Beginning with the line that holds "En una de las" and ending with the last line of the entries, please output each line exactly, apart from any pictures.

━━ GIVEN ENTRIES ━━

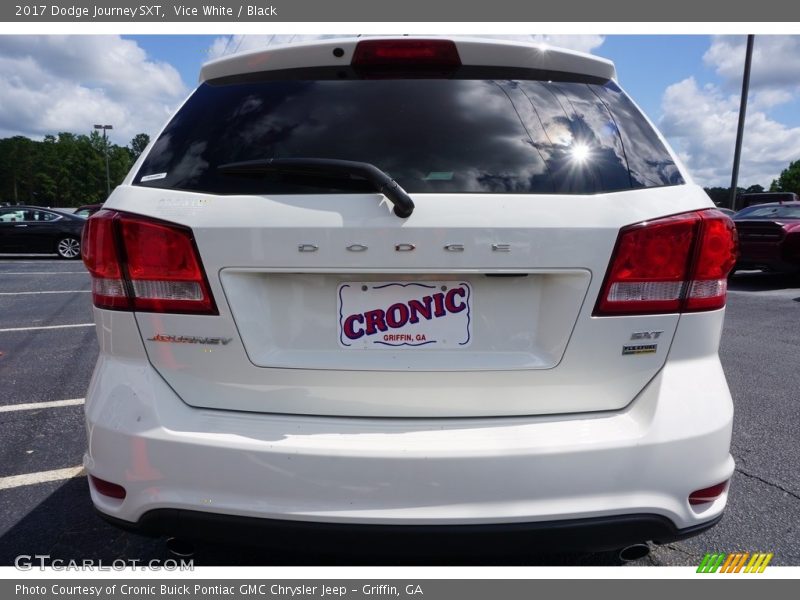 Vice White / Black 2017 Dodge Journey SXT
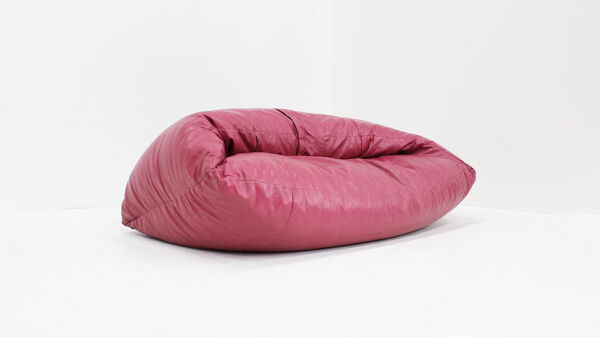 Canapé croissant vintage Raphael Raffel en cuir rose 1970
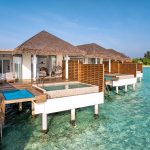 DusitD2 Maldives ile su üstü villalarda lüks ve huzuru yaşayın. Balayı çiftleri ve aileler için özel seçeneklerle Maldivler’in tadını çıkarın.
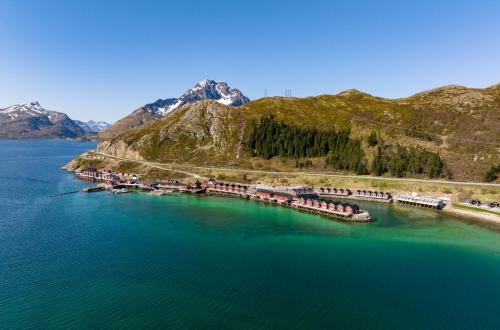 Luxurious cabin by the waterfront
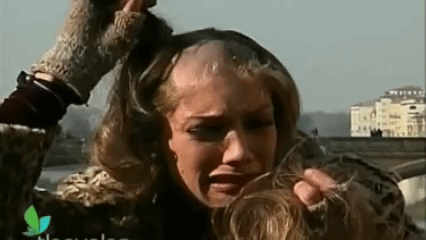 En una de las escenas, el personaje de 'Tamara' sacó de su abrigo una rasuradora y cortó su cabellera.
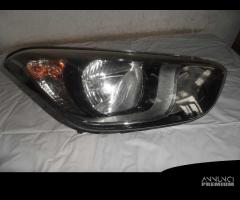 FARO ANTERIORE DESTRO HYUNDAI i20 Serie (12>18)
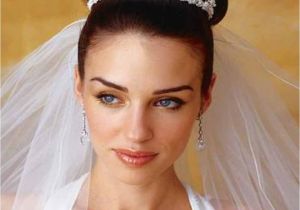 Wedding Hairstyles for Short Hair with Tiara Short Bridal Hairstyle with Tiara Womenitems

━━━

| TASK ANSWER |
 En una de las escenas, el personaje de 'Tamara' sacó de su abrigo una rasuradora y cortó su cabellera.
 FARO ANTERIORE DESTRO HYUNDAI i20 Serie (12>18)
 Wedding Hairstyles for Short Hair with Tiara Short Bridal Hairstyle with Tiara Womenitems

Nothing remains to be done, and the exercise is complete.